I suppose what I'm feeling right now (frustration, anger, sadness) is what I expected on some level. I knew that by really following this BFL to a T for the next two weeks would bring up the shit I try and shut down. I wonder why this gets me so angry though? Why do I feel so angry when I deny myself of all that crap food? My counselor said that almost everyone has a food addiction on some level and that almost everyone uses food in ways other than to nourish and fuel the body. She suggested I talk to Scott about this. So the other day we played a little game. It was called "what if." I just made it up as I went along. I said "what if" you were really looking forward to a pizza. Let's pretend you special ordered one from your favorite pizza place in Chicago, your mouth was watering and you were ready to dig into it. Then all of the sudden the pizza you're carrying slips out of your hands and on to the road, then gets run over by a car. How would you feel? He just nonchalantly says... I'd be sort of mad, but I'd get over it pretty fast. Keep in mind, this man lives for pizza. So of course we played like 10 more rounds. I tried to up the anti each time and each time he asked questions like "well why did the pizza fall out the window" or "well why can't I have the chocolate cake?" I was all like... NOT THE POINT BABE, but he wasn't havin' it. I concluded that my husband doesn't get attached to food. He loves pizza and beer and chocolate and cheese steaks, but if all those foods suddenly appeared in front of him and then suddenly disappeared, he'd be fine. FINE, I tell you!

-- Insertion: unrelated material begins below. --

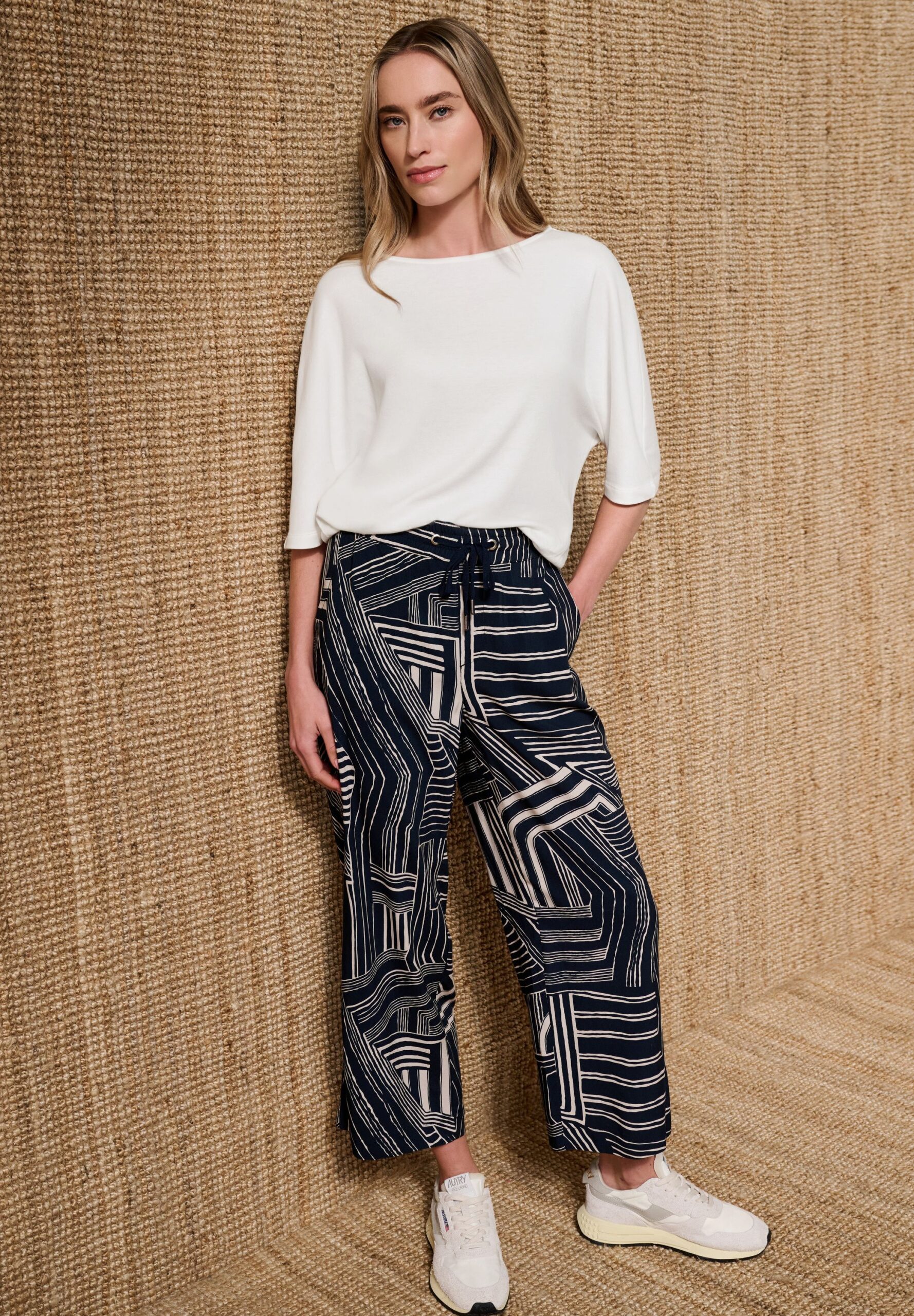 Street One Basic Shirt mit Boat Neck und Elastikbund – Bild 2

At first I didn't believe him. I thought there was no way he could be that detached from food. Then I realized, uhhh, he is. That's why he's never had a weight problem. That's why it's a lot easier for him to make healthy food choices. How do YOU feel about this? If that were my pizza that fell on the road, I'd throw an internal temper tantrum (and maybe an external one too) then I'd feel like I had to go get the next best pizza I could find, or eat something equally as decadent. I'm realizing that this is obviously not a normal behavior, but it is truthfully all I've ever known. I thought everyone thought like this, but just not everyone acted on every impulse.
I can't answer why I feel so frustrated and angry when I can't eat what I want, but I hope I will gain some insight soon. I don't want to feel like a 6 year old anymore who pitches a fit when she can't get her cookies. I know I've made progress, but damn! DAMN!